Former Soviet leader Nikita Khrushchev won applause by famously banging his shoe on the U.N. rostrum in the 1960s. Boris Yeltsin had a reputation of a true “muzhik” (a Russian version of macho) after addressing crowds from a tank during a coup and conducting an orchestra while drunk when on a visit to Germany. On the contrary, the softer and more intellectual Mikhail Gorbachev soon lost popular appeal at home.
President Vladimir Putin has been a classical example of a “muzhik”, or macho, leader and his love of everything military has served him well with voters.

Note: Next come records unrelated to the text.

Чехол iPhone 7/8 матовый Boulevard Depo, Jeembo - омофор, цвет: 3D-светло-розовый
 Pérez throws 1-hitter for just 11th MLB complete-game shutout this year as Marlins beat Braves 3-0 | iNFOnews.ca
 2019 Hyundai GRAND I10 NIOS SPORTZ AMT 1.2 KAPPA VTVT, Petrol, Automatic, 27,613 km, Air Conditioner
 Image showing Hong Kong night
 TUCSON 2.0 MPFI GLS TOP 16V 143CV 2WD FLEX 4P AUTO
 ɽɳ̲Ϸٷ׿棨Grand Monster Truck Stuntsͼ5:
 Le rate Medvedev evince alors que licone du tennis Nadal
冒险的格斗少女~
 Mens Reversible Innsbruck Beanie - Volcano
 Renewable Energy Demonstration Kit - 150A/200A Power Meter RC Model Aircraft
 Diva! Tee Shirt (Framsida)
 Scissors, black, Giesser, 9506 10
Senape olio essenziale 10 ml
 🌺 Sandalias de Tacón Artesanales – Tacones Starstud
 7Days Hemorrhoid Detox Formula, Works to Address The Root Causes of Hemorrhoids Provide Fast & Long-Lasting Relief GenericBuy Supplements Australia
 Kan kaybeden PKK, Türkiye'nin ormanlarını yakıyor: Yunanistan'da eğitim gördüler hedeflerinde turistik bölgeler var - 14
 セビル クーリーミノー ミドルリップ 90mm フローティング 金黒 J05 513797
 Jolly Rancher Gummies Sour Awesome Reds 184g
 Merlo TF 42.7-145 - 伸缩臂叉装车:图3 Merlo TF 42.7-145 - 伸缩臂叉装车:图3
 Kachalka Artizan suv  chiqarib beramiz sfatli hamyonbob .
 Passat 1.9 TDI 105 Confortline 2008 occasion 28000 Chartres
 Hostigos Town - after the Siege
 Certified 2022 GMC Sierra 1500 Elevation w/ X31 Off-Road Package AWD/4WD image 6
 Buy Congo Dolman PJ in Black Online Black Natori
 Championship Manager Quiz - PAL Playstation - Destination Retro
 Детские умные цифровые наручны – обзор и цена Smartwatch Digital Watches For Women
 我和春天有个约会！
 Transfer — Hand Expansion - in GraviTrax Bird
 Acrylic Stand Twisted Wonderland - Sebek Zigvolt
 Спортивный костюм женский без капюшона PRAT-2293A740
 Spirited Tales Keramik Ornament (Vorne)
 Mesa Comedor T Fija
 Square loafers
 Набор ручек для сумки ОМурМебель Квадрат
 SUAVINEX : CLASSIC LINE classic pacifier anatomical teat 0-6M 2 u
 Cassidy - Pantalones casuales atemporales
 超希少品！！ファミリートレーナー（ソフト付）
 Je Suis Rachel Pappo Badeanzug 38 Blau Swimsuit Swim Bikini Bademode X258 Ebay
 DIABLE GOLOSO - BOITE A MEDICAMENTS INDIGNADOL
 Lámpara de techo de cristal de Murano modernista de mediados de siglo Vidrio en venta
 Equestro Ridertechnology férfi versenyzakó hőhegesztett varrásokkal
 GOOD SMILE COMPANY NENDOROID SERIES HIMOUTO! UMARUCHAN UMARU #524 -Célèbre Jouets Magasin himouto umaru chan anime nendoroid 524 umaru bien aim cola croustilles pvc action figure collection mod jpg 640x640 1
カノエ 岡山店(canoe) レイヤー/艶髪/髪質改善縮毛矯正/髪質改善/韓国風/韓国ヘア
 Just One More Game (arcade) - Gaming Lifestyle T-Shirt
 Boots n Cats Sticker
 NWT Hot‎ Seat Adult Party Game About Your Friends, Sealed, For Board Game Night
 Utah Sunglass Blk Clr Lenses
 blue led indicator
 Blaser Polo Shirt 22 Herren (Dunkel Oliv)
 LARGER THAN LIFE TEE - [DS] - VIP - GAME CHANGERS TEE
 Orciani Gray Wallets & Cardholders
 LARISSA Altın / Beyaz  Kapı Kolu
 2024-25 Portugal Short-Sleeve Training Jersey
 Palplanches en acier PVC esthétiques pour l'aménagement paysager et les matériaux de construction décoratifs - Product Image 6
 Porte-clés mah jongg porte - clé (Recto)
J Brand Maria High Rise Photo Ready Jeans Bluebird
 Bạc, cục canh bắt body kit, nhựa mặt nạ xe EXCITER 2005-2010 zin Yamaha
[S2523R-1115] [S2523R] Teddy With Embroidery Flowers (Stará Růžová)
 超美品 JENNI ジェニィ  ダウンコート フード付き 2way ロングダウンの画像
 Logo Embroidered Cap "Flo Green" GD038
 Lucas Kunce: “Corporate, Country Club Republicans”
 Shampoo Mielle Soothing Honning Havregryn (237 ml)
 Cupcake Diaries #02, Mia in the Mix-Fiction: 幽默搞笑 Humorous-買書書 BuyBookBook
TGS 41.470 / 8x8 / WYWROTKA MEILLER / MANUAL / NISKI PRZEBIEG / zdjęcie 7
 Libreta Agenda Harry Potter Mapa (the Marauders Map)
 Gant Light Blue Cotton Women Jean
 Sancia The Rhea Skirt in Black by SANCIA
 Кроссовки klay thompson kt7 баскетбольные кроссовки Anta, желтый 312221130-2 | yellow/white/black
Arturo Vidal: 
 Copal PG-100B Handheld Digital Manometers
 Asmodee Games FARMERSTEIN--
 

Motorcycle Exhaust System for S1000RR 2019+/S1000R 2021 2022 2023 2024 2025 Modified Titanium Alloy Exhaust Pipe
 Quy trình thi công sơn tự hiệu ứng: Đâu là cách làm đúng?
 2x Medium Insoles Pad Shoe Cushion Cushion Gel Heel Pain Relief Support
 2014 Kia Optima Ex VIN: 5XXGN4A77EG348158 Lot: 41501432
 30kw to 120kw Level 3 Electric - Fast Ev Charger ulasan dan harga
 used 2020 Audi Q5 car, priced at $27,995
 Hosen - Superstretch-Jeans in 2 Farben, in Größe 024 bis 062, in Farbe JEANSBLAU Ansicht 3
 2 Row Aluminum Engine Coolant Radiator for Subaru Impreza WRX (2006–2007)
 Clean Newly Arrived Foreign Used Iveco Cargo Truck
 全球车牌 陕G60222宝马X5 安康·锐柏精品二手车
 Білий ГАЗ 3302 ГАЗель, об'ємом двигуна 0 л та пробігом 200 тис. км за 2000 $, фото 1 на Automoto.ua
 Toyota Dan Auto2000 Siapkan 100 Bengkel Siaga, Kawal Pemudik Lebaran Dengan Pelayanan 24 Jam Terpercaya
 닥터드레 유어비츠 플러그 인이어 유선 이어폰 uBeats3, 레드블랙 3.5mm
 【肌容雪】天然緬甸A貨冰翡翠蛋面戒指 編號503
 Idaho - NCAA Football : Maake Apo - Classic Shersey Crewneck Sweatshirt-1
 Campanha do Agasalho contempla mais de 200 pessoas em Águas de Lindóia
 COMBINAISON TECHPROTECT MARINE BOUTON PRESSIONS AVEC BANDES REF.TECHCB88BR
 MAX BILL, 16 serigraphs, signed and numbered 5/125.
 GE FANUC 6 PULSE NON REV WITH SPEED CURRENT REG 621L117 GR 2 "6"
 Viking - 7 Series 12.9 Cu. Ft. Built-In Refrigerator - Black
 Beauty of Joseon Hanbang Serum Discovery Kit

Putin’s historic flight in a supersonic military jet to Chechnya in 2000 made him an icon among many Russians. Pictures of the president in pilot’s gear immediately became hot property, boosting the president’s popularity. The flight was followed by a string of other exotic uniformed performances by Putin including an underwater journey on a nuclear-powered submarine and a flight on a strategic bomber.
Dmitry Medvedev, a refined former St Petersburg lawyer picked by Putin as a preferred successor, does not look very macho right now. The first deputy prime minister in charge of social projects feels more at home among professors and students elaborating on open-source software or the benefits of judicial reforms.
On Wednesday, Putin has given Medvedev a chance to show himself as a “muzhik”.
A joint trip by the two to Zhukovsky, an air base outside Moscow where most of the Soviet war planes have been tested in the past 70 years, offered a lot of opportunities for Medvedev to stage a show of machismo.
A line of the latest military jets designed by Sukhoi and MiG with their cockpits open invited high-profile visitors to have a go. But Medvedev was visibly unexcited.
He calmly and impassionately followed Putin, whose eyes were flashing with excitement, and listened to explanations by engineers and pilots. Putin had to invite Medvedev several times to join conversations and ultimately encouraged him to take a second pilot’s seat in a Yakovlev training jet.
Perhaps, Medvedev knows a different secret of becoming popular in Russia. Or has Russia changed?